Абсолютная (и потому недостижимая в конечном исследовании) истина является
"регулятивной идеей", идеалом; что же касается истинности какой-либо данной
научной теории, то этот вопрос решается коллективным приговором ученых:
истинным признается то, относительно чего в настоящее время нет достаточно
веских сомнений.
На каком основании выносится этот приговор? Можно ли быть уверенным в
объективности мнения ученых? Многие комментаторы указывают, что одним из
гарантов объективности знания Ч. Пирс признавал коллективность
(социальность) познания357. Ясно, однако, что этот гарант не
может считаться достаточным: коллективным может быть и заблуждение, но еще
хуже, что он не дает указания, в каком направлении познание стремится к
истине как своему идеальному пределу. Существует ли единственная дорога к
единственной истине? Или, что еще более важно: как узнать, находимся ли мы
на верном пути к истине? Никакое считающееся сегодня истинным знание не
гарантировано от опровержения завтра, откуда же берется уверенность в том,
что освобождение от сегодняшних заблуждений ведет к истине, а не к следующим
заблуждениям - и так без конца? У Пирса нет достаточно убедительных ответов
на эти вопросы.
Из многочисленных, но противоречивых высказываний Пирса об истине
современные критики отбирают те, которые в большей степени согласуются с их
собственной гносеологической позицией. "Теория познания Пирса,- утверждает
Р. Элмидер,- представляет собой интересную и уникальную смесь
концептуального идеализма и эпистемологического реализма"358. Это
означает, что у Пирса имеется, по существу, два понятия истины, которые, как
считает Р. Элмидер, не противоречат, но дополняют друг друга: истина как
характеристика знания внутри данного концептуального каркаса безотносительно
к "внешнему миру" и истина как идеальное соответствие с реальностью. Первая
характеристика измеряется "когерентностью" знания, вторая выступает как
регулятивное оправдание переходов от одних каркасов к другим. Поэтому
"контроверза идеализма и материализма является наивным заблуждением", делает
вывод Р. Элмидер; "теория истины как соответствия с реальностью имеет смысл
только при допущении когерентной теории истины"359.

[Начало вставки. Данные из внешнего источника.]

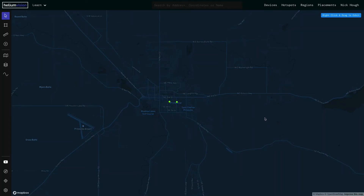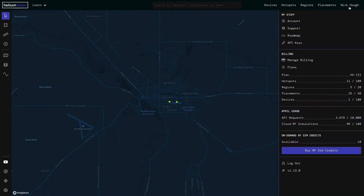Hey guys, in this video we're going to touch on how to purchase RF simulation credits. Previously to this release, the only way to run a simulation was if you had a paid subscription. And once you'd utilized all of your quota for the month, you were kind of stuck. I heard feedback from you guys that you wanted the ability to buy more credits, and so today we've launched that.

Если регулятивная идея истины как совпадения с "реальностью" у Пирса
обозначает лишь цель познания, но не дает "путевых указателей" направления к
этой цели, остается лишь предположить, что способность выбирать верный путь
заложена в самой природе научного исследования - в научном методе. Отношение
между истиной и методом "переворачивается": не истина служит гарантом
метода, а сам метод выступает условием истины! Эта идея особенно активно
защищается Н. Решером360. С ее критикой выступил У. Куайн. Он
писал: "Пирс впадал в искушение определить истину на основе научного метода
как идеальную теорию, к которой приближаются как к пределу, если постоянно
применяют предполагаемые каноны научного метода к непрерывно продолжающемуся
опыту. Но помимо сомнительных допущений о единственности и конечности
методологического арсенала науки и о возможности его неограниченного
применения, в концепции Пирса возникает множество трудностей. Например, это
неверное рассуждение по аналогии с числами, когда говорится о пределе для
теории; ведь понятие предела зависит от понятия "ближе, чем", которое имеет
смысл для чисел, но не для теорий. Но даже если бы удалось избежать этих
трудностей, как бы силой воображения отождествляя истину с идеальным
результатом применения научного метода ко всей совокупности внешних
раздражений, все же и тогда мы не избавляемся от трудности, связанной с
необоснованным утверждением единственности истины..."361.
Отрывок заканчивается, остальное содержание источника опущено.